My teacher Fred Hemke, God rest his soul, used to tell me that sound is the most important thing. ***Because if you have a sound that people want to listen to, then you can take them on a ride and take them almost anywhere. If they like how you sound, they’ll stop and listen even if they are not familiar with what you’re doing

I did a lot of sound study, from a very classical sort of way.

I had a teaching gig at the University of South Florida, teaching improv and theory, and coaching ensembles. I had a lot of spare time+, so I started reaching out to mentors like Branford (Marsalis). There were cats that came through Chicago when I was just out of school and started to play. I’d go to Joe Segal’s Showcase. I’d hear James Moody a couple times a  year, Johnny Griffin, Joe Henderson. Art Blakey would come through with Jean Toussaint  and Donald Harrison.

As a kid, I used to hear Jean Toussaint because he’d play in St. Thomas with one of the most popular calypso bands there. He also played in high school with my older brother. I’d go see them play on the beach or wherever kids go to hear them.

He was coming from where I was and doing something that I wanted to do, play with Art Blakey. That was an inspiration for me.

I’d see Von Freeman in Chicago; I loved his big sound. He was like jazz school for me.
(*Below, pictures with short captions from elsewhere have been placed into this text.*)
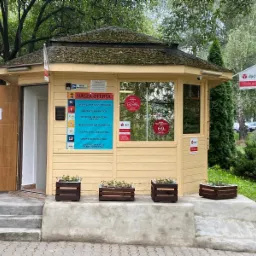 Żółty pawilon z napisem 'Nasza Oferta' prezentujący ubezpieczenia komunikacyjne, na życie, mieszkaniowe, zdrowotne i dla firm, z logo DPD Pickup w oknach.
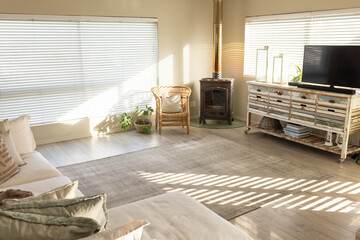 Light-gray rug is receiving striped sunlight in coastal living room with sectional and stove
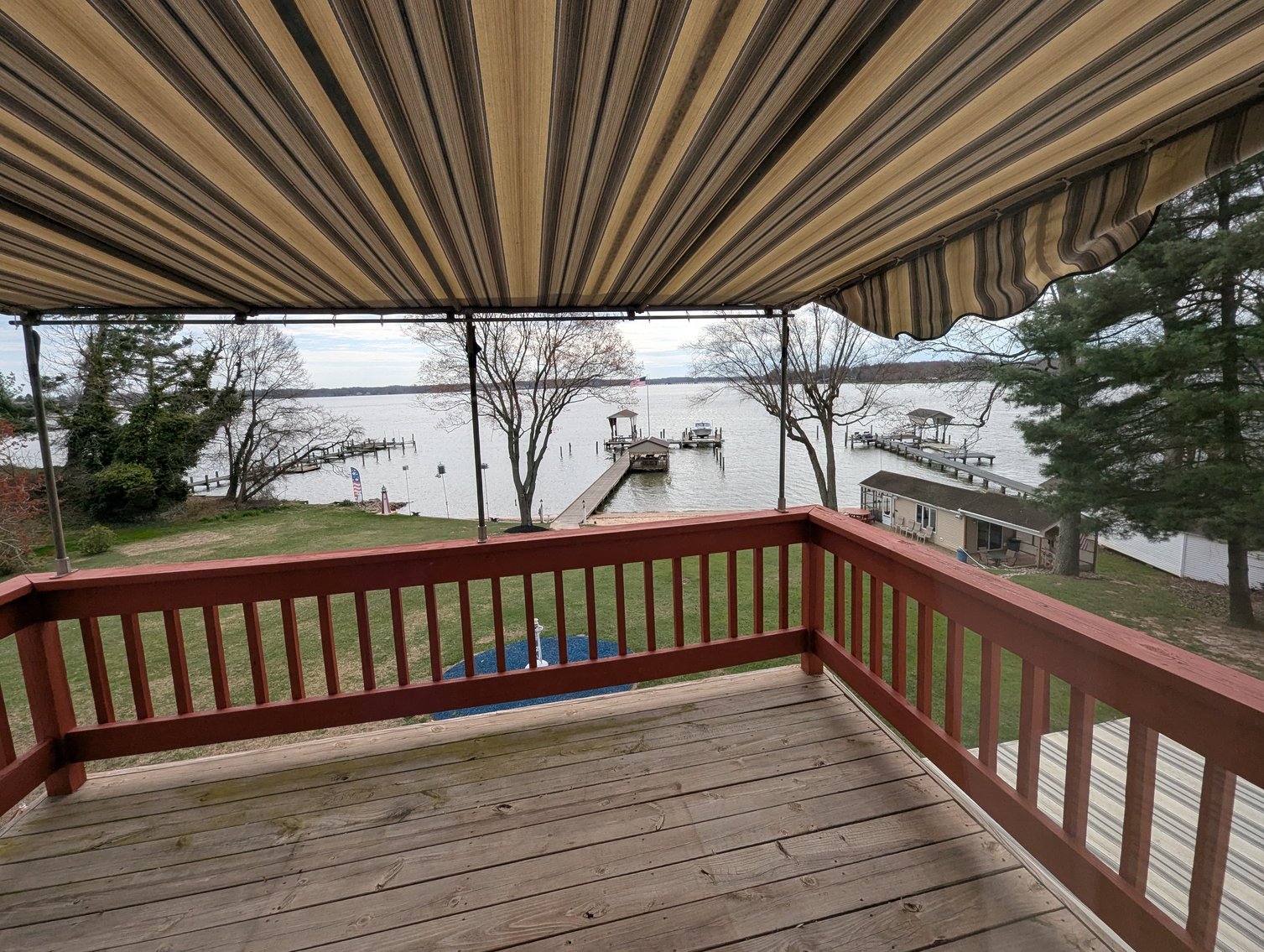 Image for LARGE WATERFRONT PROPERTY/ 2-STORY CONTEMP. HOME W/ ATT. 2-CAR GARAGE & 1-BR COTTAGE HOME/(4) PARCELS TOTALING 3.35 +/- AC SOLD IN THE ENTIRETY/ 155' FT FRONTAGE ON BUSH RIVER W SANDY BEACH/ LARGE DOCK W/ (10) +/- BOAT SLIPS, TIKI BAR & MORE!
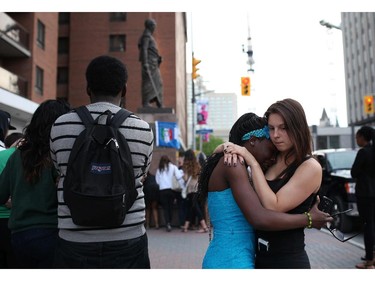 Friends of murdered teen Brandon Volpi swap stories and mourn their classmate, friend, and family member at a vigil out front of Les Suites in Ottawa on Sunday, June 8, 2014.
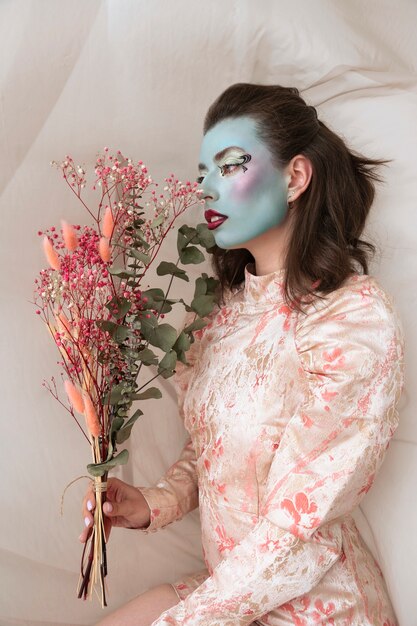Portret van mooie jonge vrouw met gezichtsverf en bloemen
There were a lot of younger guys on the scene, but I was hanging around the older musicians like Von and Bunky Green

Dr. Hemke connected me with Bunky when I was still in school. We talked about practicing.

Von had a regular session on the South Side. He took in all the young cats; Steve Coleman and all the ****others when to his jam sessions. What I loved about Chicago was there wasn’t this sort of divisions by the kind of music that they played.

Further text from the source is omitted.